▸ **WORK REQUEST**
The line containing "Colțar bej cu" marks the end; return exactly every line from the start of the records up to and including it, but no pictures.

(Records drawn from a dataset)
::::::::::
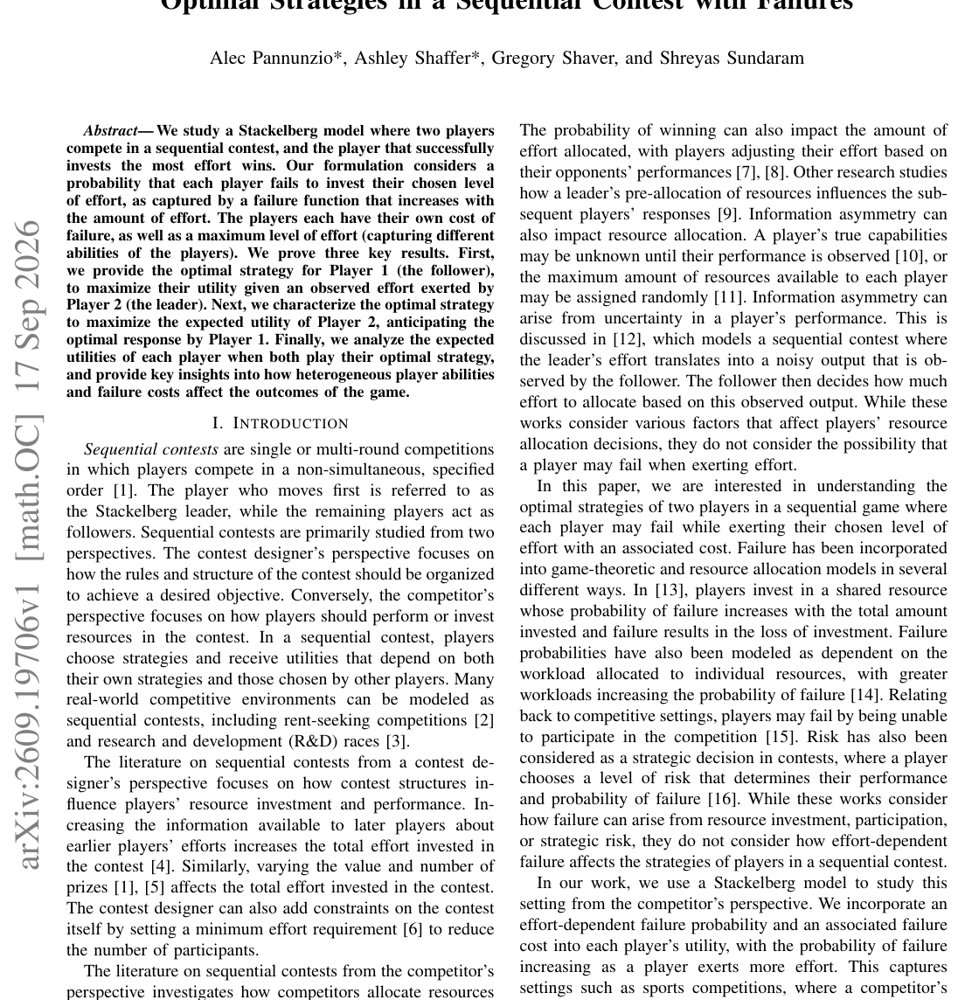 Optimal Strategies in a Sequential Contest with Failures Figure 1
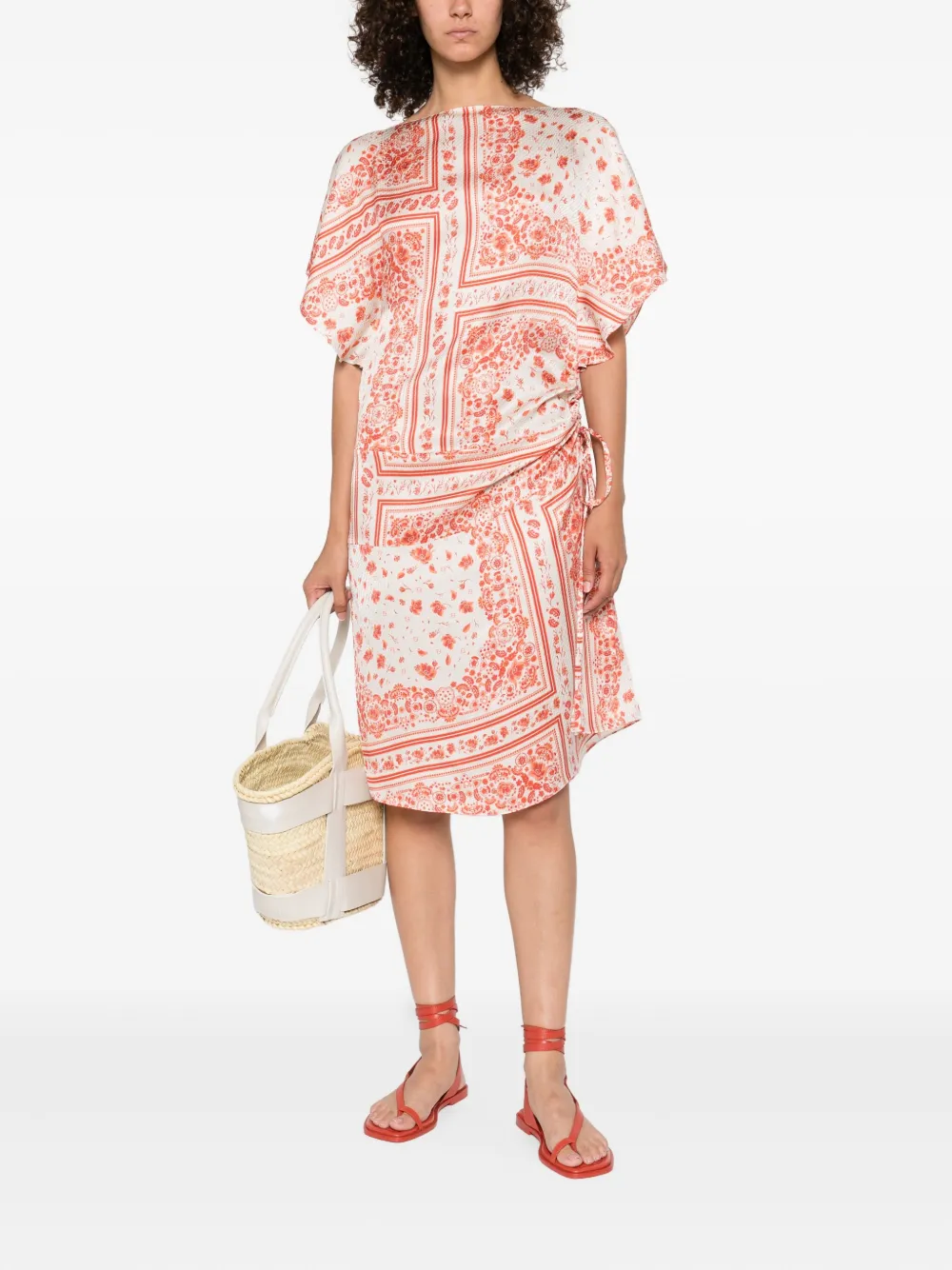 FENDI Midi-jurk met jacquard en trekkoord Beige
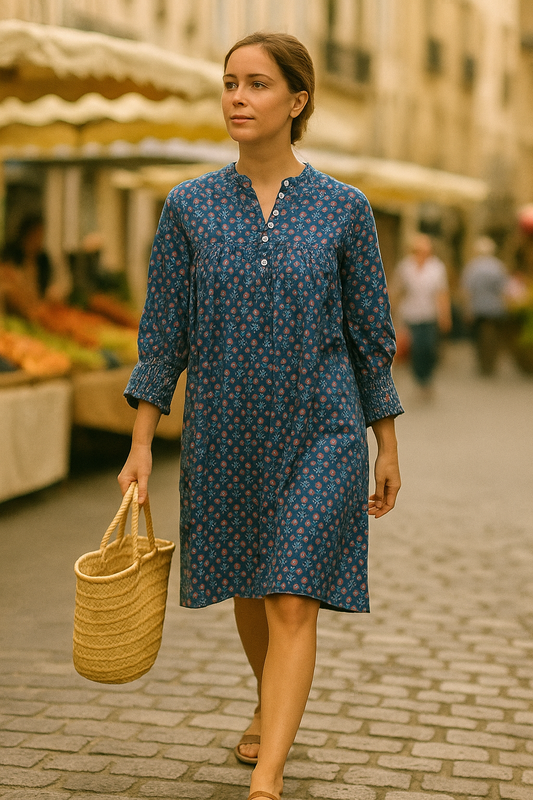 Market Dress, Navy with muted coral blooms.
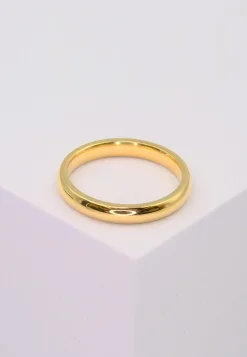 Trauring Gelbgold 750 bombiert Comfort Fit (58)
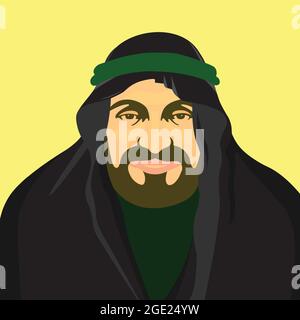 Arabic man portrait. Muslim man with beard vector. Stock Vector
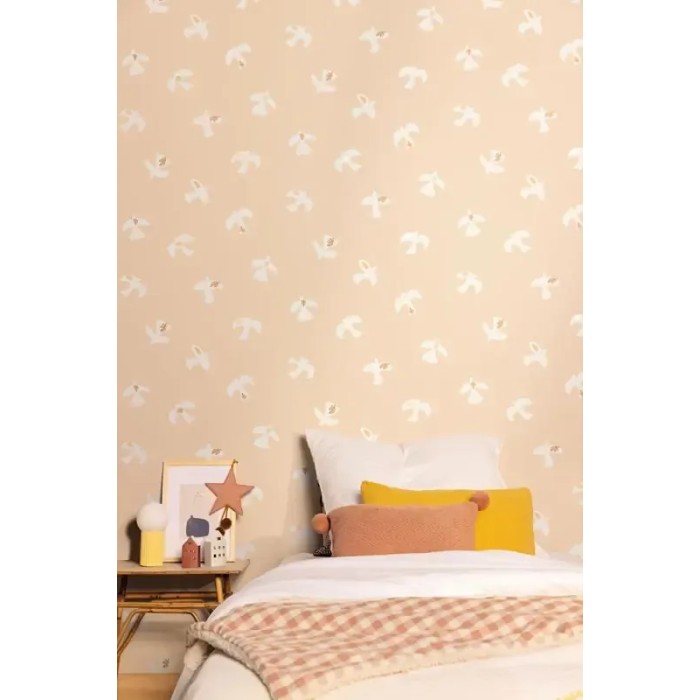 Papel pintado infantil bandada de palomas rosa salmón - Caselio Let´s Go Girls! 104504015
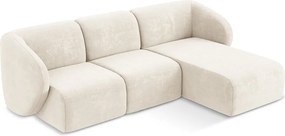 Colțar bej cu tapițerie din chenille (cu colț pe partea dreaptă/cu șezlong) Lani – Makamii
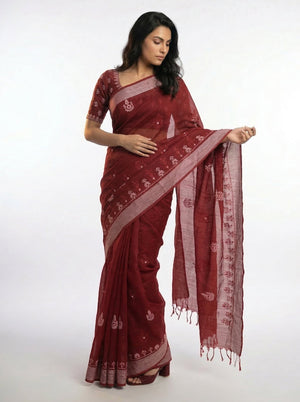 Chanderi Cotton Maroon Red Saree with Zari Border and Floral Butti Work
::::::::::
▸ **EXERCISE ANSWER**
 Optimal Strategies in a Sequential Contest with Failures Figure 1
 FENDI Midi-jurk met jacquard en trekkoord Beige
 Market Dress, Navy with muted coral blooms.
 Trauring Gelbgold 750 bombiert Comfort Fit (58)
 Arabic man portrait. Muslim man with beard vector. Stock Vector
 Papel pintado infantil bandada de palomas rosa salmón - Caselio Let´s Go Girls! 104504015
 Colțar bej cu tapițerie din chenille (cu colț pe partea dreaptă/cu șezlong) Lani – Makamii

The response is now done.